Then, listen to this:



...while reading the following (provided by YouTube uploader Charles Van Driel, whomever he may be):
"Original Faubus Fables" performed by Charles Mingus. Taken from the 1960 "Charles Mingus presents Charles Mingus" record. Composed by Charles Mingus.

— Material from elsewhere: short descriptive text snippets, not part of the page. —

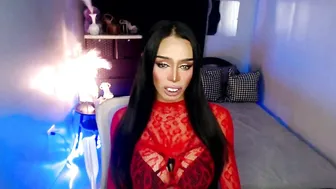 mikeyalawi03 06-14-2026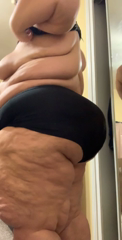 10690453_getting-ready-part6_0.mp4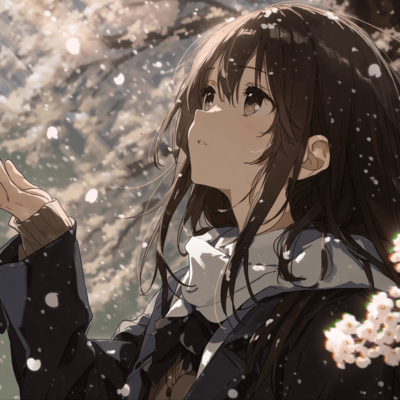 もう迷わない、私へのジャケット写真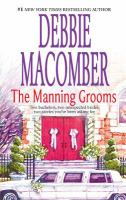 The_Manning_grooms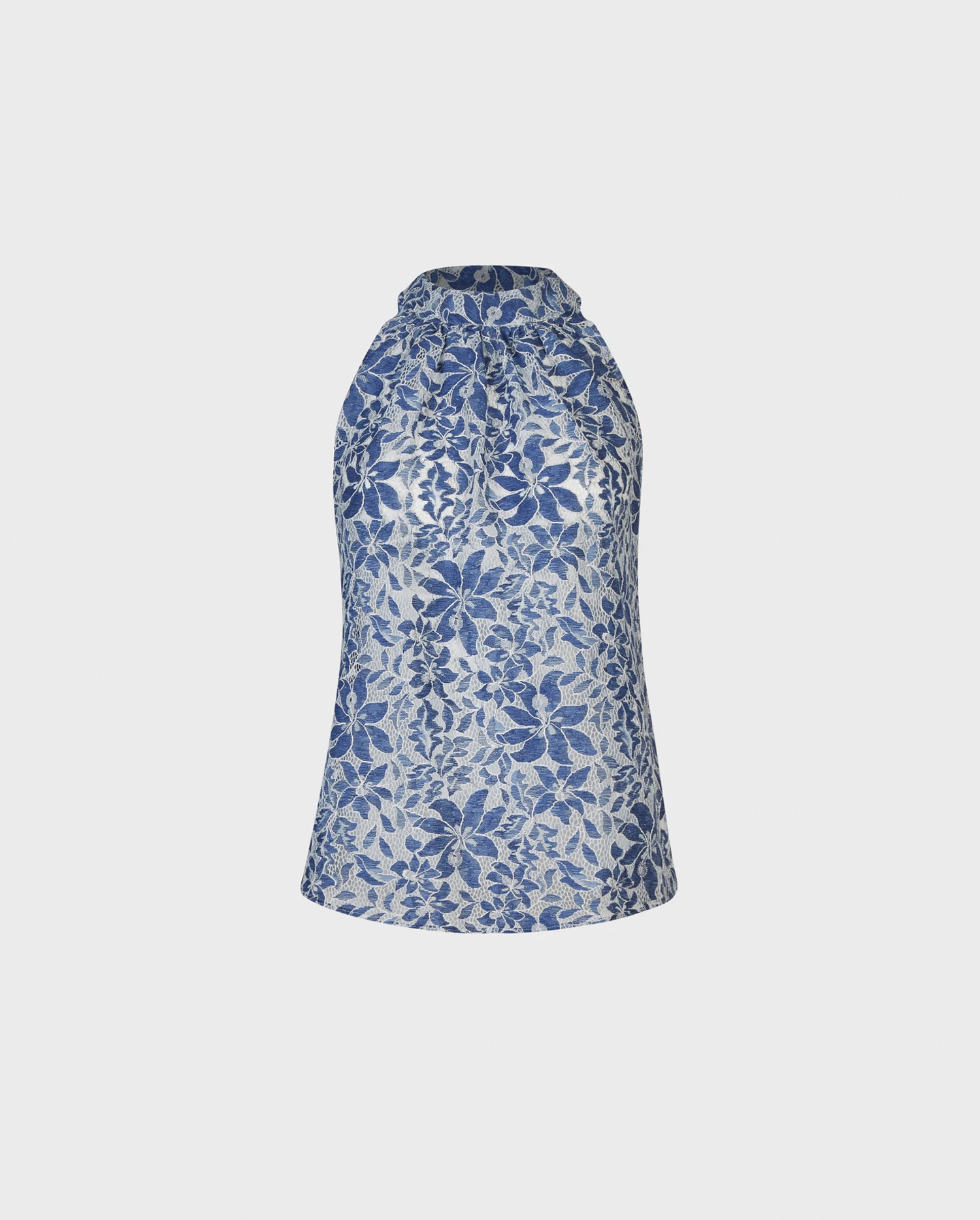 Velita Blouse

It was written as a direct protest against Arkansas governor Orval E. Faubus, who in 1957 sent out the National Guard to prevent the integration of Little Rock Central High School by nine African American teenagers. This composition was also released a year earlier on the "Mingus Ah Um" record as "Fables Of Faubus" but only instrumental as record company Columbia refused the lyrics.
Lyrics:
Oh, Lord, don't let 'em shoot us!
Oh, Lord, don't let 'em stab us!
Oh, Lord, don't let 'em tar and feather us!
Oh, Lord, no more swastikas!
Oh, Lord, no more Ku Klux Klan!

Name me someone who's ridiculous, Dannie.
Governor Faubus!
Why is he so sick and ridiculous?
He won't permit integrated schools.

Then he's a fool! Boo! Nazi Fascist supremists!
Boo! Ku Klux Klan (with your Jim Crow plan)

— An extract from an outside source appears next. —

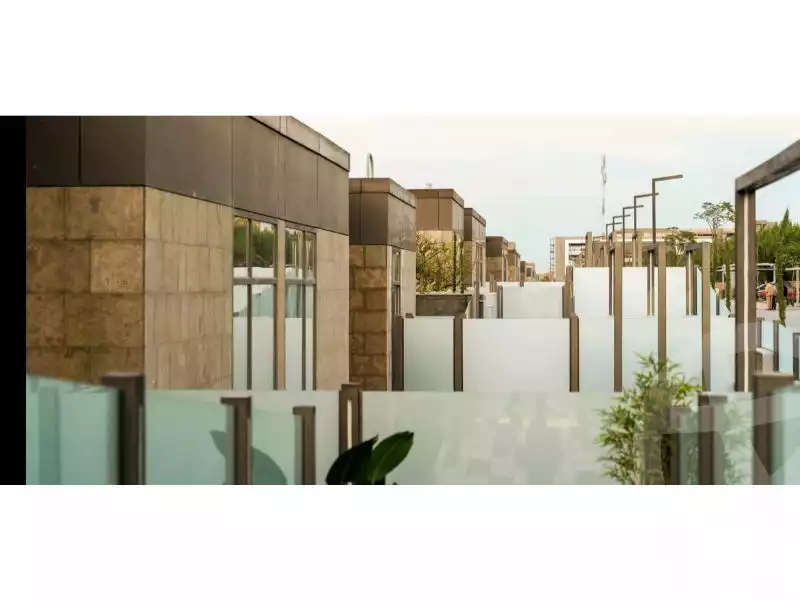 https://aqarmap.com.eg/en/listing/5602525-for-sale-cairo-el-sheikh-zayed-city-compounds-walk-of-cairo-mall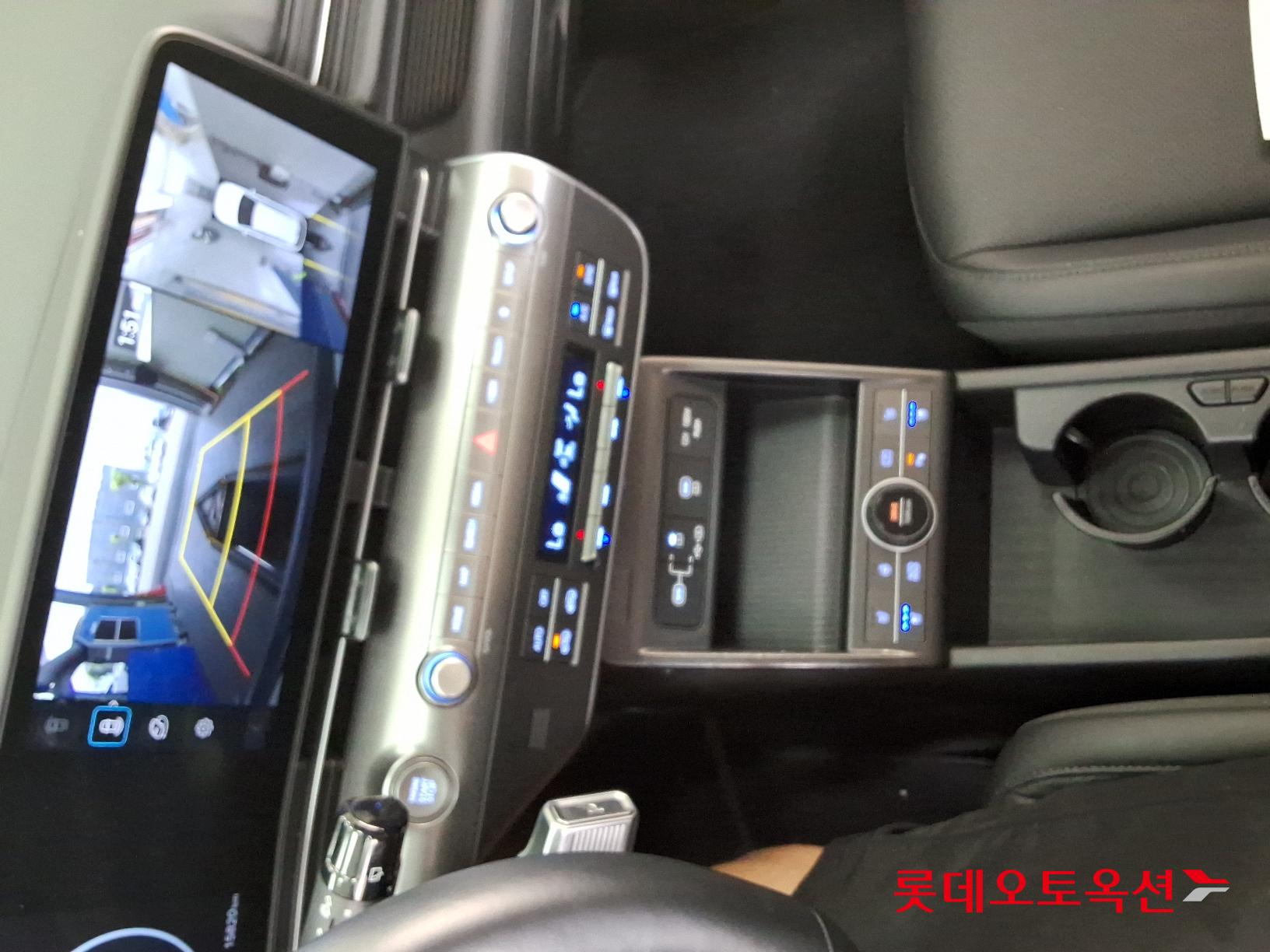 Hyundai Kona id 2909870 из Кореи 31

Name me a handful that's ridiculous, Dannie Richmond.
Faubus, Rockefeller, Eisenhower
Why are they so sick and ridiculous?

Two, four, six, eight:
They brainwash and teach you hate.
H-E-L-L-O, Hello.
Charity toward all and malice toward none, my foot. In 5 years all we will have on the national political stage is Republicans and dissidents.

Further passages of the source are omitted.